***** Provided data

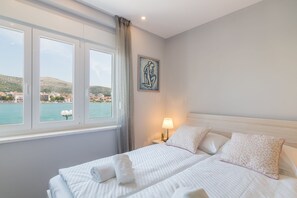A hotel room with a bed, a nightstand, a lamp, a painting, and a window with a view of a body of water and buildings. - 4 Elements Old Town Views Rooms (Trogir)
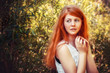 portrait of the rural red-haired girl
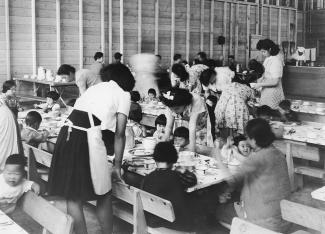 Black & white photo of women tending to children at meal time in a warehouse converted into a dining hall.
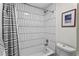Elegant bathtub shower featuring modern tile design and contemporary fixtures at 105 Dublin Dr, Lake Mary, FL 32746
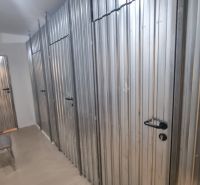 2-izbový moderný byt, s garážovým státím  novostavba, Coboriho ulica - Skladové priestory s kovovými dverami a stoličkou v 2-izbovom byte.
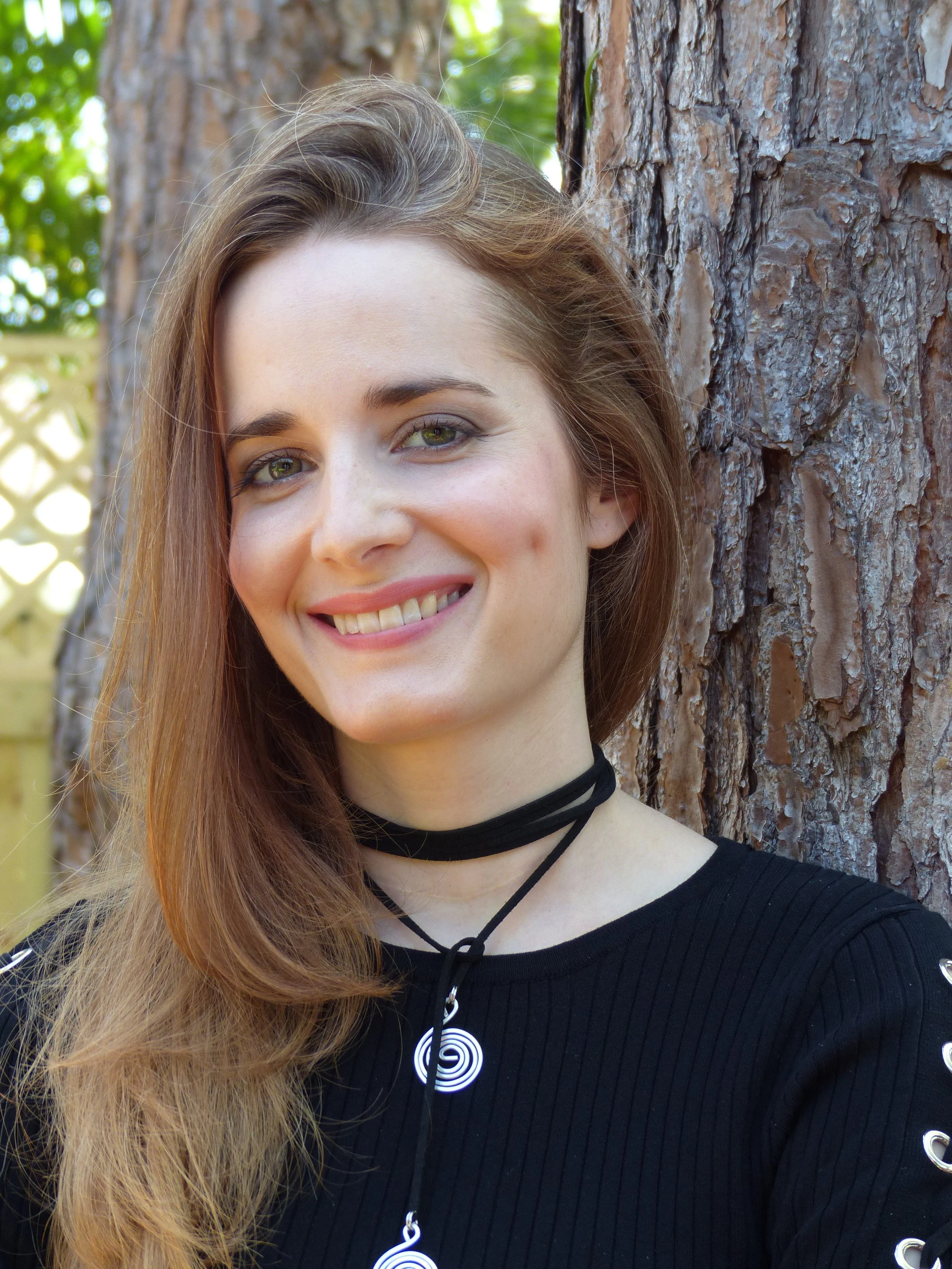 Photo of author E.G. Young smiling in front of a pine tree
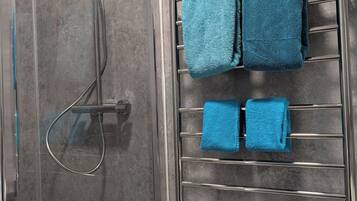 A shower area with a glass door, a chrome showerhead, and a towel rack with two blue towels.
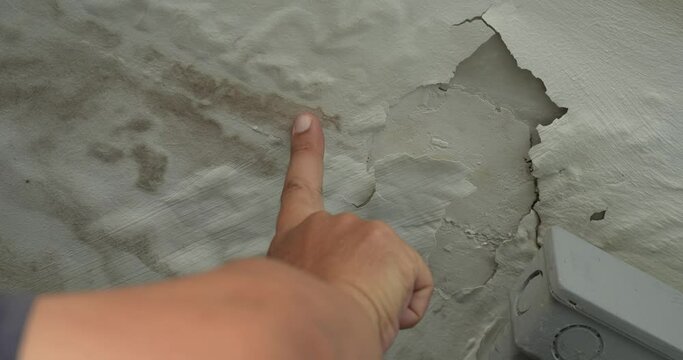Male finger is peeling paint on ceiling, Office building or house problem for house service. High definition shot at 4K, 50 fps video footage.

**********

▸ **Work item**: Retype exactly, and only, the lines from the one containing "Elegant bathtub shower" through the end of the material, leaving aside every picture.

▸ **Completed exercise**:
Elegant bathtub shower featuring modern tile design and contemporary fixtures at 105 Dublin Dr, Lake Mary, FL 32746
 2-izbový moderný byt, s garážovým státím  novostavba, Coboriho ulica - Skladové priestory s kovovými dverami a stoličkou v 2-izbovom byte.
 Photo of author E.G. Young smiling in front of a pine tree
 A shower area with a glass door, a chrome showerhead, and a towel rack with two blue towels.
Male finger is peeling paint on ceiling, Office building or house problem for house service. High definition shot at 4K, 50 fps video footage.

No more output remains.